Ingin Tahu Kualitas Udara di Bali? Pakai Aplikasi Ini

Apakah kualitas udara di Bali masih bagus? Pertanyaan itu bisa dijawab dengan sebuah aplikasi android, setelah Greenpeace Indonesia memasang sejumlah alat pemantau kualitas udara yang bisa mengukur partikulat debu sulit dilihat mata ukuran 2,5 mikron sejak beberapa minggu lalu. Setelah pemasangan di Jakarta pada 2017. Data yang dikumpulkan akan dianalisis tiap 3 bulan.

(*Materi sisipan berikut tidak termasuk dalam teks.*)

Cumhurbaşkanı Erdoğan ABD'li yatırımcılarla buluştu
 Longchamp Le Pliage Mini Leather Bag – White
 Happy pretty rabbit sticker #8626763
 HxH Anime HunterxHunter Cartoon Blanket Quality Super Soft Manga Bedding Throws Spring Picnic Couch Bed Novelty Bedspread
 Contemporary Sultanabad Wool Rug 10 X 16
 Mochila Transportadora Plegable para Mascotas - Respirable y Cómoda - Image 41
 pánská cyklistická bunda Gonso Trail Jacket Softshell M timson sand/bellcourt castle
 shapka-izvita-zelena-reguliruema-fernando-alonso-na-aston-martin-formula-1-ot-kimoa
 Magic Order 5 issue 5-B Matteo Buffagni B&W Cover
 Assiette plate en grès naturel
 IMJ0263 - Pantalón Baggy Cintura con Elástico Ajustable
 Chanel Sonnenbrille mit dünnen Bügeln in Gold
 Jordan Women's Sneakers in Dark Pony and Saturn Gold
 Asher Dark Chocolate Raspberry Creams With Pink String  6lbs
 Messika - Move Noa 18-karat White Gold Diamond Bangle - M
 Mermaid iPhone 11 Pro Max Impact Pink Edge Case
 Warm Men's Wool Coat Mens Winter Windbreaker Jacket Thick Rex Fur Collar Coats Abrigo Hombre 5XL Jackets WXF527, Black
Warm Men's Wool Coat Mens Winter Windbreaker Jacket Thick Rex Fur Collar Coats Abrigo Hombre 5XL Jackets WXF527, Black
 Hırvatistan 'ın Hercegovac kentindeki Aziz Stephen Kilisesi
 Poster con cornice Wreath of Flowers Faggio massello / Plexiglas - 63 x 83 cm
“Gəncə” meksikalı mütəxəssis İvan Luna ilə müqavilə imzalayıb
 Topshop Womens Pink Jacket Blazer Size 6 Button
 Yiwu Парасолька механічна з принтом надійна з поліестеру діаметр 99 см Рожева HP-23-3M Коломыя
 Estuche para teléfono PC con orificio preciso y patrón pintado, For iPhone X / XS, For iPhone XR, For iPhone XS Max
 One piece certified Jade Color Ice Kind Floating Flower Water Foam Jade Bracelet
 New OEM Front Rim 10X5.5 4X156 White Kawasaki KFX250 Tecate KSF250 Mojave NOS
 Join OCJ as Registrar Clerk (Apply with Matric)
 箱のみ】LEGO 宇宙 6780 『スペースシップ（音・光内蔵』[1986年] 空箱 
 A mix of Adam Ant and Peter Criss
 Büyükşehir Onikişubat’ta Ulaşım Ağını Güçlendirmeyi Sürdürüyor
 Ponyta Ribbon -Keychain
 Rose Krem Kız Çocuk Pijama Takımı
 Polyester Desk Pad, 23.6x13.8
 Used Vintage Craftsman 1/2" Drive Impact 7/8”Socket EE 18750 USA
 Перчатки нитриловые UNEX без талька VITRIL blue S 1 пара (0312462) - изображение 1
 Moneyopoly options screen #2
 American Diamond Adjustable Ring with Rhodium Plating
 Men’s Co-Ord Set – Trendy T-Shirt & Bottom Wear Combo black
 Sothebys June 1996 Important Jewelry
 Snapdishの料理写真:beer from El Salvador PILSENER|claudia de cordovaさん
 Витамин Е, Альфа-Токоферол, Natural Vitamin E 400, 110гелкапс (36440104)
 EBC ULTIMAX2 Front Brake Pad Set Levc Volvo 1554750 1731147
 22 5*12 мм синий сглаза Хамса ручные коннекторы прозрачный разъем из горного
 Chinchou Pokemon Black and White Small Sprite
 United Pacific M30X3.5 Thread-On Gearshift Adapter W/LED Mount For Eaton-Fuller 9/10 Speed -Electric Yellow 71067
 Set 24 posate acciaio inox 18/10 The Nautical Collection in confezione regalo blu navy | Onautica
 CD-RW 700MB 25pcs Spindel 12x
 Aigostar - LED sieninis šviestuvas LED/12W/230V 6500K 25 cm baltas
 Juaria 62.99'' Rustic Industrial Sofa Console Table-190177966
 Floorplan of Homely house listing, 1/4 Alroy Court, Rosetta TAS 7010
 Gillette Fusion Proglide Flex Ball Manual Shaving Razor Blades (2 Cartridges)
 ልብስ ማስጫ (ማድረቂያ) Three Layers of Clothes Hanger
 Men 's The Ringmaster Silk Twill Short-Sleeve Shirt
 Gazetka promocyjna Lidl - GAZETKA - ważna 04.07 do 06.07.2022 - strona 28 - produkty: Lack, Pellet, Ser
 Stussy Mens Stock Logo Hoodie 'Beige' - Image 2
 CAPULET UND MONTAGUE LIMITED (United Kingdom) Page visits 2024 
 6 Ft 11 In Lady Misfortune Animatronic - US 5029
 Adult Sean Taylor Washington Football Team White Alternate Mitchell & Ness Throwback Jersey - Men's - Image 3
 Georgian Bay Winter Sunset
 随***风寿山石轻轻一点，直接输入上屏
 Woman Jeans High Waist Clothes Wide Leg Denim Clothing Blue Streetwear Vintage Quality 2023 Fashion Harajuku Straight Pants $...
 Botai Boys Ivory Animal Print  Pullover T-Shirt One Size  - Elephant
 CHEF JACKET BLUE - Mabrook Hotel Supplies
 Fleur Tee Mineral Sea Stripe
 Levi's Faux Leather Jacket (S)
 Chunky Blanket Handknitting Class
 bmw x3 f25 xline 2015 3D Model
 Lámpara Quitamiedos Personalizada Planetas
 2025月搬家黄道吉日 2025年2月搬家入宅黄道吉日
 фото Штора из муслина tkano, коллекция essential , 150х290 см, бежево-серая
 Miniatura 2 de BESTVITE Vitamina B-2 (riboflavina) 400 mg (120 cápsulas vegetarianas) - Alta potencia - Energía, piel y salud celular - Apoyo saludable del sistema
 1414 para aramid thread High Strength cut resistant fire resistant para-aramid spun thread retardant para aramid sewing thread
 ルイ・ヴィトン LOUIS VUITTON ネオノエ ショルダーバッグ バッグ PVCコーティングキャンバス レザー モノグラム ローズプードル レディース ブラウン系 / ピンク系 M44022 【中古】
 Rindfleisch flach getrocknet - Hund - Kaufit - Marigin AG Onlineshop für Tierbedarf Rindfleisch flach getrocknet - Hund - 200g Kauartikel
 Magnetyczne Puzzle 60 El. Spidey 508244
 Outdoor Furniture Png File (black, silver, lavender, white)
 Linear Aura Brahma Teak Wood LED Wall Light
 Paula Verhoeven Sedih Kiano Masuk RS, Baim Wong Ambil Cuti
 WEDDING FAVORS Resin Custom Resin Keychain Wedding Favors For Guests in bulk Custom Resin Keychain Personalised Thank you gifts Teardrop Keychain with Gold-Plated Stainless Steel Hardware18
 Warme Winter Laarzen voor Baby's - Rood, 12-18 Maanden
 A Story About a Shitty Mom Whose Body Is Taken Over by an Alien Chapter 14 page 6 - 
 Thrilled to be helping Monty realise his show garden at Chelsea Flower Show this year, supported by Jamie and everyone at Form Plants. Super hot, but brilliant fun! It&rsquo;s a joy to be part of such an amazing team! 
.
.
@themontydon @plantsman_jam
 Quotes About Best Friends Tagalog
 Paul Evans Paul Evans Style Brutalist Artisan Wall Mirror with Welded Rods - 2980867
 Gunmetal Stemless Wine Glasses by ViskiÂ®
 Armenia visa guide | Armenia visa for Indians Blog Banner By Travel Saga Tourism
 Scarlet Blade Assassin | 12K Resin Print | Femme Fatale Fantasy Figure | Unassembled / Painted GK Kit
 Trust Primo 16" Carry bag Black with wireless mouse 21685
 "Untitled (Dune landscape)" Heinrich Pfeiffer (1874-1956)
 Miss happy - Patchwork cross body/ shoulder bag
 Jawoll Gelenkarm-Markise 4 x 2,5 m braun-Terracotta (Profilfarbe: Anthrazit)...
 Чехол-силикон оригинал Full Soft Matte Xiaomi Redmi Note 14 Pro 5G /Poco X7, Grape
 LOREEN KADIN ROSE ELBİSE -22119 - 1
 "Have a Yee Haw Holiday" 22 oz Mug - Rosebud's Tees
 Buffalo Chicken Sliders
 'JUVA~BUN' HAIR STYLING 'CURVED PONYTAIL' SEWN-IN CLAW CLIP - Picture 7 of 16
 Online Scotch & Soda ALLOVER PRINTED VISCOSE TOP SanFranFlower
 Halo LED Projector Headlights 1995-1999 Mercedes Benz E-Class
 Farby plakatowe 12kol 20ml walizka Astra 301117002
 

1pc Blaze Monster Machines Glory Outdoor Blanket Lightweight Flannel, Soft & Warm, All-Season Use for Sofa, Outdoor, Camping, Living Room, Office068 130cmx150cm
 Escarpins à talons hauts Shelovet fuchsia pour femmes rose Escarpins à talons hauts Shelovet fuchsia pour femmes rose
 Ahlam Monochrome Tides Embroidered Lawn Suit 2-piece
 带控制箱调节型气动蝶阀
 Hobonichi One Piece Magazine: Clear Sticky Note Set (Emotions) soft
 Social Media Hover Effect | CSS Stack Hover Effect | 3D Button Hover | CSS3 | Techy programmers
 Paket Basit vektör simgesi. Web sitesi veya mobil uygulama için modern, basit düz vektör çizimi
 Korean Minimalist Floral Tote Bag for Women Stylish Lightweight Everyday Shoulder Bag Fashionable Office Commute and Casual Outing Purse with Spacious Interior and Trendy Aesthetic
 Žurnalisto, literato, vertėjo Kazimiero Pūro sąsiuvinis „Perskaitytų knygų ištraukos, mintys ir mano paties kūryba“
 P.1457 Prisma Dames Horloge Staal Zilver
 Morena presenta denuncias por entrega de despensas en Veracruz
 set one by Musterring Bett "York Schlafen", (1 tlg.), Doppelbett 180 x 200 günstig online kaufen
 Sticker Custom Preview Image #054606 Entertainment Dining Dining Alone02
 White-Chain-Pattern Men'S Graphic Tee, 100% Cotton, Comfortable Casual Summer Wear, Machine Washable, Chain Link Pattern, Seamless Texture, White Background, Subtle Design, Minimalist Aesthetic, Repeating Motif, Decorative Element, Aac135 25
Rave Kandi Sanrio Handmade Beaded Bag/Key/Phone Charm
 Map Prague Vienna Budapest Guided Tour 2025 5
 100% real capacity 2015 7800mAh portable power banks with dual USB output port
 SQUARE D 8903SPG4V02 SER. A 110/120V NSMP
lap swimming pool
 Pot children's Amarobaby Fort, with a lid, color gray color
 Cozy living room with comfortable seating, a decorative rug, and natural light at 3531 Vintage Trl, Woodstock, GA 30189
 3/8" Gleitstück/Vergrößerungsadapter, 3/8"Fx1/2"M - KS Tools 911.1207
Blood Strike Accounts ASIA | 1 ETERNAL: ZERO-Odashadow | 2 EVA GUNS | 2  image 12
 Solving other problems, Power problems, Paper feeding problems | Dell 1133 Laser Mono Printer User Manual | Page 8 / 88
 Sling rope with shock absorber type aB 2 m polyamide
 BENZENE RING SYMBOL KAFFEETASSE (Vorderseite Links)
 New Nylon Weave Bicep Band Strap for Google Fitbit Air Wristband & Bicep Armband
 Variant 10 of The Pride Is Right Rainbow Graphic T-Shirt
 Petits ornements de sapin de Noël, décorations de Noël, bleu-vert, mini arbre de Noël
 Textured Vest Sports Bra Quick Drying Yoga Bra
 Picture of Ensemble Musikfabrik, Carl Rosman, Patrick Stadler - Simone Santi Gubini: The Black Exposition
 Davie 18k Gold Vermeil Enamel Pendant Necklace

Kualitas udara hampir real time disebutkan bisa diketahui dari ponsel jika mengunduh aplikasi berbasis Android, Udara Kita 2.0. Saat coba memanfaatkan, aplikasi ini sederhana dengan fitur peta lokasi alat terpasang, namun baru terlihat enam titik di Jakarta. Saat peta dibuka pada Senin (19/4/2018) pukul 15.50 WITA, Raya Krukut, Jonggol, Warung Buncit, Antasari, Rasuna Said, dan Jatibening masuk kategori tidak sehat. Lima diantaranya warna merah.

Sementara di Bali, alat ini terpasang di 3 kabupaten yakni Celukan Bawang (Buleleng), Abiansemal (Badung), serta Kota Denpasar. Saat dibuka pada Senin (19/4/2018), berwarna hijau atau masuk kategori sehat. Selain update kondisi saat itu juga ada rekap 24 jam yang memperlihatkan perbedaan kualitas udara dari warna hijau, kuning, sampai merah.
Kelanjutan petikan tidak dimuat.